Retype only the lines below from the one with "JOH Aurora Gray" to the one with "Deep Marron With Gold - Soft Silk Cotton", inclusive, skipping every image.
Top of Data shown
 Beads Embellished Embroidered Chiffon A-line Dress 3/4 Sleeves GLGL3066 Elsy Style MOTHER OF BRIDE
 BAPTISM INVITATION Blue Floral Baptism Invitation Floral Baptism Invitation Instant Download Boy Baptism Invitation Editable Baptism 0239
Bottom of Data shown
Top of Data shown
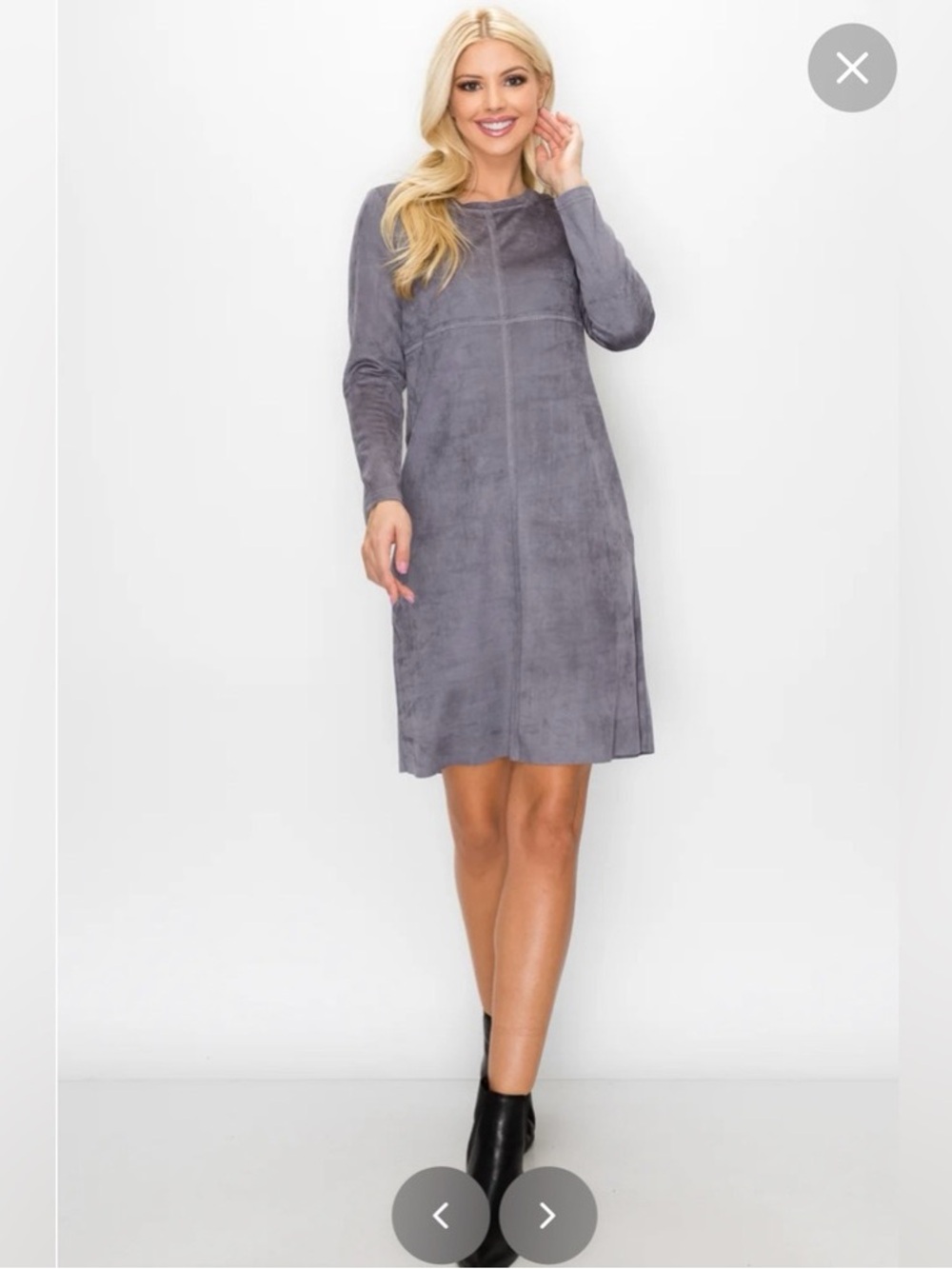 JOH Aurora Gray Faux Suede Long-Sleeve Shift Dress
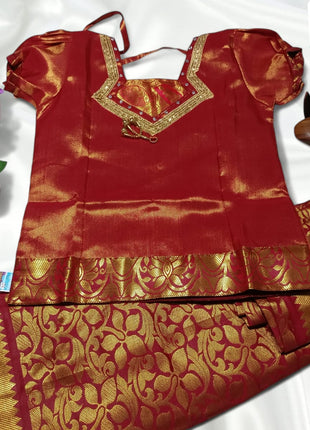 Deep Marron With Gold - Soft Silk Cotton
Bottom of Data shown
Top of Data shown
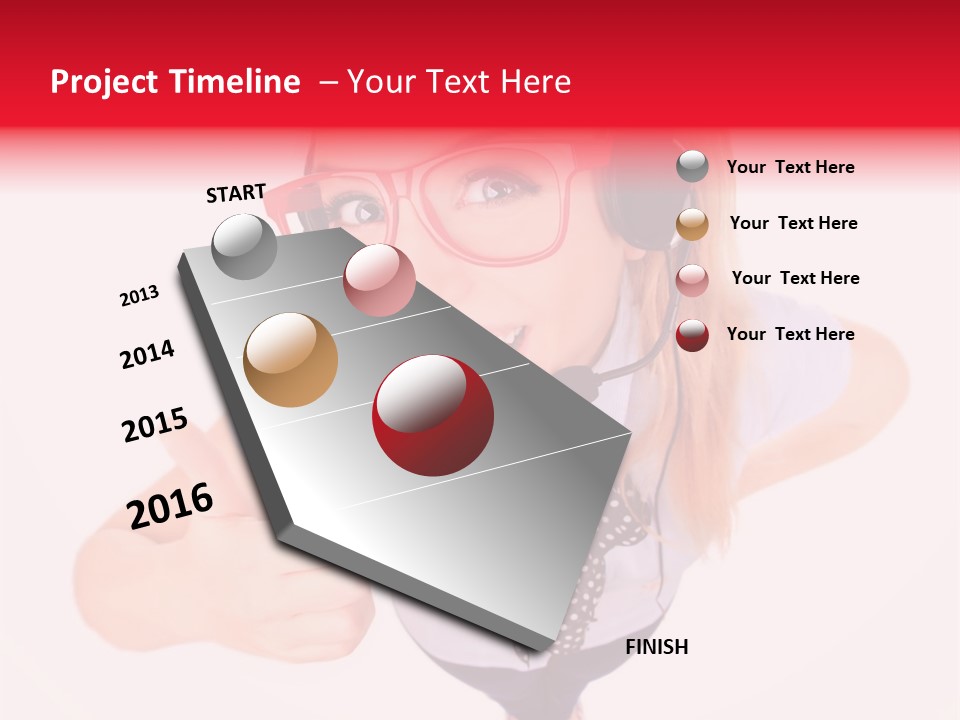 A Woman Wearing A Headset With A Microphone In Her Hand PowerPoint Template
Bottom of Data shown
Output of the task ▸
 JOH Aurora Gray Faux Suede Long-Sleeve Shift Dress
 Deep Marron With Gold - Soft Silk Cotton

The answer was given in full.